Le jardin était vaste et peuplé de dizaines d'arbres fruitiers, fleurs, et plantes aromatiques – le basilic étant absent car il avait été dévoré par les limaces une semaine de cela. La cabane, elle, était simplement construite de branches d'arbres un peu trop basses, allant jusqu'au sol, formant ainsi une sorte de cocon géant.
— Louisa ? s'enquit David en éclaireur, à l'entrée de la cabane, avec toujours sa fille dans les bras.
— Tu n'as pas vu mon message ?
— Mon portable est à sec.
Il sortit l'objet en question et le donna à sa compagne, comme quand on donne son passeport, mais ici pour vérifier l'authenticité de ses paroles.
— T'es plein de boue, rit-elle.
— Malheureux incident entre mon pied et le fossé.
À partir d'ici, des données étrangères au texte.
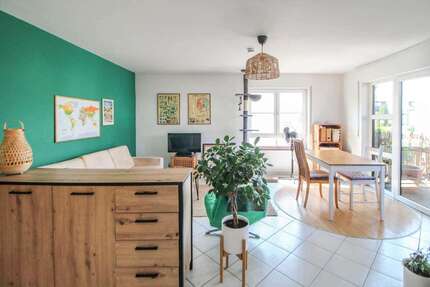 Wohnung Neuhausen auf den Fildern - 2 Zimmer, 62 m&sup2;, 240.000&euro; | Angebot:27170025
David posa Thaïs sur le sol, car des fourmis dans le bras se faisaient maintenant ressentir. Celle-ci courut hors de l'endroit secret pour aller chercher le chat qui venait, à son rythme, jusqu'à eux. Elle le montra fièrement, elle aussi en mode Roi Lion, à sa mère, qu'elle rejoignit aussitôt. Le chat, content à l'idée de pouvoir dormir dans les bras de sa maîtresse, ronronna de plus belle avant d'enfouir sa tête velue à côté de son postérieur. Celui qui oserait le déloger – mis à part Louisa – aura déchaîné le démon et subira ses châtiments mesquins, comme la bâillement à trois centimètres de ton nez (car chez les chats, tout est toujours programmé d'avance). Louisa caressa l'animal vicieux, démoniaque, et pourtant toujours adorable, non sans faire virevolter quelques poils.
— Vous faisiez quoi, avec mamie ? demanda la maîtresse.
— Une tarte aux pêches.
En se rappelant avoir posé les fleurs, David leur demanda d'attendre quelques secondes. Il courut dans l'herbe mouillée, ce qui lui fit recevoir les apostrophes de sa belle-mère, quant aux traces de boue qu'il laissait derrière lui.
— Voilà, dit-il en tendant le bouquet à sa chérie. (Il hésita à mettre un genou à terre et en rire mais le sol terreux et humide l'en dissuada) Je ne voulais pas que ça se finisse comme ça... alors je t'ai apporté ces fleurs, cette chose (il désigna Oscar, qui leva les yeux et le fixa d'un regard noir), et ma personne. La voiture est coincée à quelques heures de là, je sais pas trop où.
— Et bien... tous les malheurs du monde te sont arrivés, j'ai l'impression !
— Oh non ! Il en reste en stock, je crois...
Sa bouche forma une gigantesque sourire qui lui fendait le visage en deux. Mère et fille ne comprirent pas trop ce qui était amusant dans ce qu'il venait de dire mais, par pure solidarité, firent de même. Il s'excusa avant de sortir de la cabane, pour se planter, la tête face contre le ciel, et murmurer : « Merci Rémi... ».